Seit seinem Titelgewinn plaudert Superbike-Weltmeister Jonathan Rea frei von der Seele. Im exklusiven Interview verriet er, wie er zu Márquez und Rossi steht und was er sich in der Formel 1 zutrauen würde.

Im ersten Teil des großen Interviews mit SPEEDWEEK.com verriet Kawasaki-Werksfahrer Jonathan Rea, wer sich um sein Vermögen kümmert und wen er fragen muss, wenn er Geld ausgeben will. Außerdem wissen wir jetzt, dass Werbeplätze auf seiner Lederkombi früher um 150 Pfund pro Rennen zu bekommen waren.

Genießen Sie den zweiten Teil.

Jonathan, würde es dich freuen, wenn deine beiden Söhne auch Rennfahrer werden?
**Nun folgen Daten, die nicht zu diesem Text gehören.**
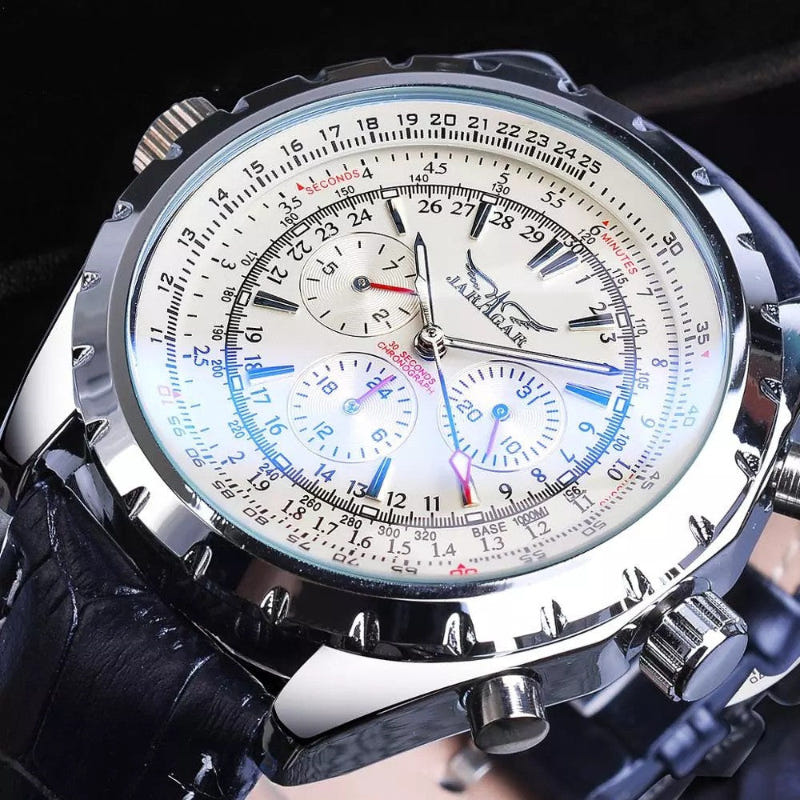 Mechanical automatic watch close-up with white dial, blue markings, silver case, black strap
Ehrlich gesagt nicht. Mein Älterer Jake liebt Fahrräder und Motorräder, er ist gerne auf der Rennstrecke. Wenn er Rennen fahren möchte, dann werde ich ihn unterstützen. Als ich drei Jahre alt war, wollte ich Rennen fahren. Ich musste warten bis fünf, bis ich meine erste Lizenz bekam. Das war die beste Entscheidung meines Lebens und meine Familie hat mich immer dabei unterstützt.

Über Geschäft und Beziehungen habe ich auf der Rennstrecke mehr gelernt als in der Schule. Auch über Respekt. Wobei mir schon klar ist, dass ich einer von wenigen bin, der den Sport zu seinem Beruf machen konnte.
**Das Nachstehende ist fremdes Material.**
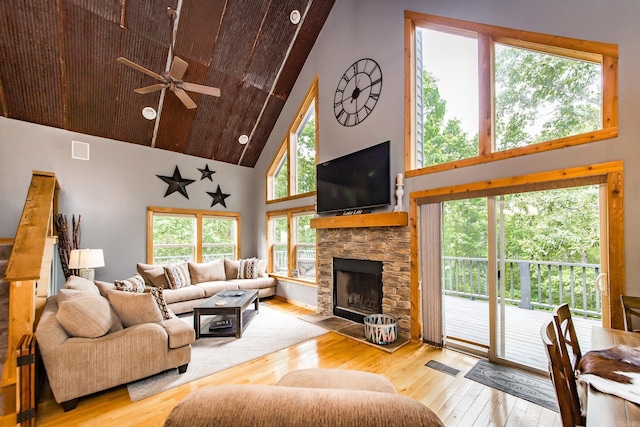 220 Brown Rd, Greers Ferry, AR 72067 - living room with high vaulted ceiling, hardwood / wood-style flooring, a ceiling fan, and a stone fireplace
Ich bin heute auf der sicheren Seite. Aber nicht so sicher, dass ich für meinen Sohn 300.000 Euro pro Jahr bezahlen könnte, damit er zum Hobby Rennen fährt.

Wie beurteilst du die Schlammschlacht zwischen Márquez und Rossi in der MotoGP-WM letztes Jahr? Da sind zwei starke Charaktere aufeinander gekracht.

Darüber könnten wir Stunden reden. Der größte Fehler passierte nicht in Argentinien oder Assen, sondern bei der Pressekonferenz in Sepang. Als Rossi den dummen Kommentar über Phillip Island abgab, den es wirklich nicht brauchte. So etwas ist für jeden Fahrer schwer zu akzeptieren.

Wenn das der Fahrer sagt, der im Fahrerlager den meisten Respekt genießt, an dessen Zunge alle Journalisten hängen. Wenn der vielleicht beste Fahrer dich einfach respektlos behandelt... Äußerlich lachte Márquez... Aber während des Sepang-Rennens...

Ich dachte mir während des Rennens, dass das wirklich aggressiv war in den ersten paar Runden. Letztlich hat Rossi einfach das Spiel verloren.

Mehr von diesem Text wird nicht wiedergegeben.